== WORK REQUIRED ==
The full listing is to be returned exactly as given, but without pictures.

== PROVIDED MATERIAL ==
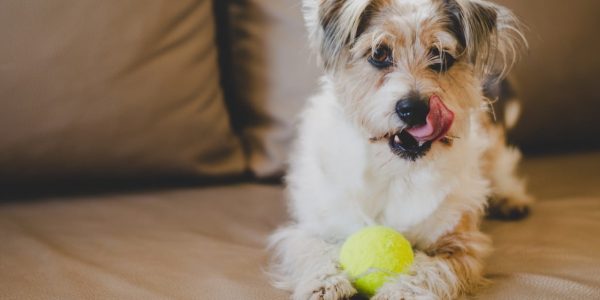 Hundespielzeug Ball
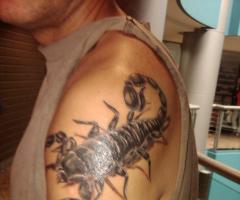 Escorpion en 3D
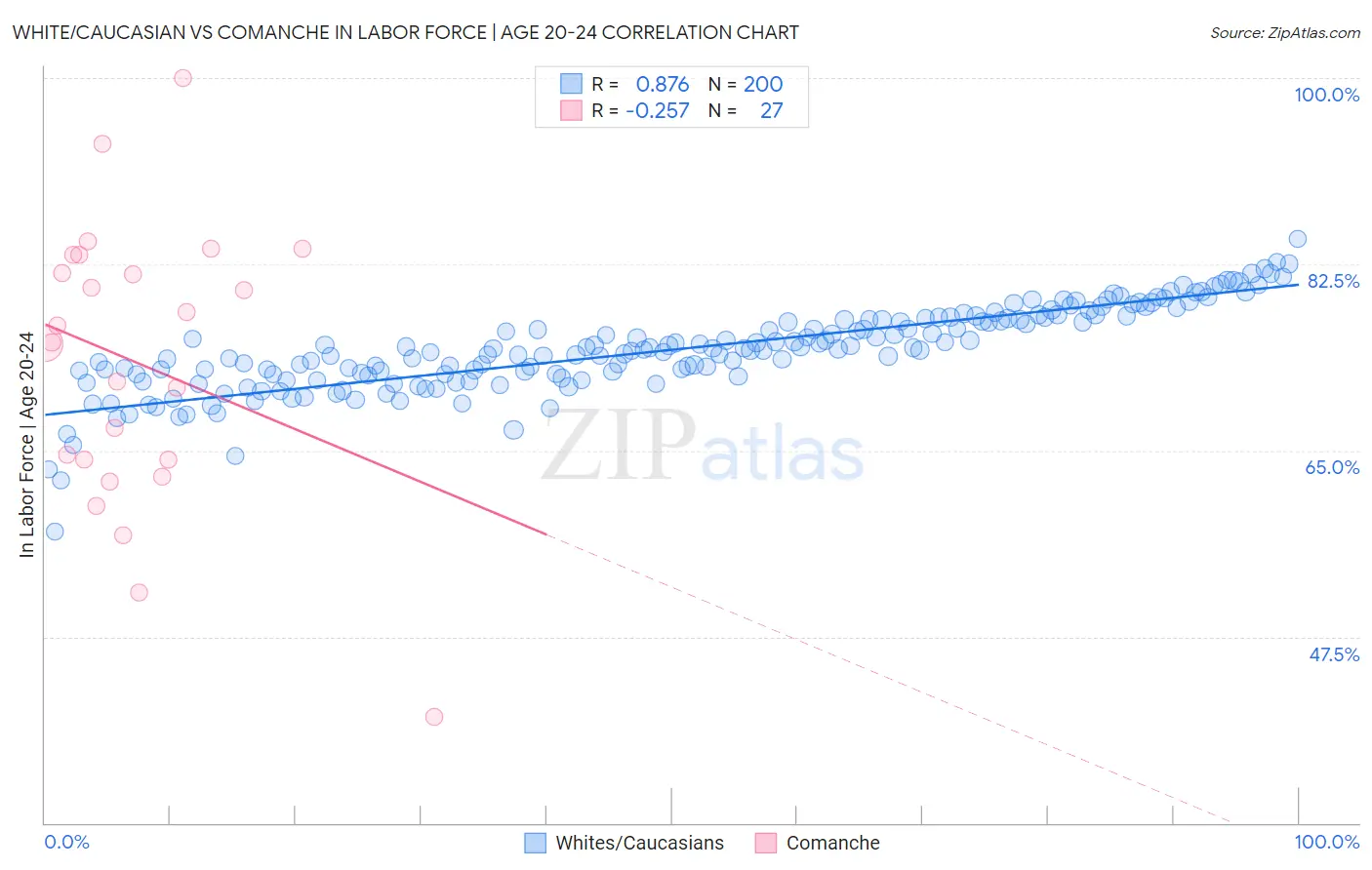 White/Caucasian vs Comanche In Labor Force | Age 20-24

== SOLUTION TO THE EXERCISE ==
 Hundespielzeug Ball
 Escorpion en 3D
 White/Caucasian vs Comanche In Labor Force | Age 20-24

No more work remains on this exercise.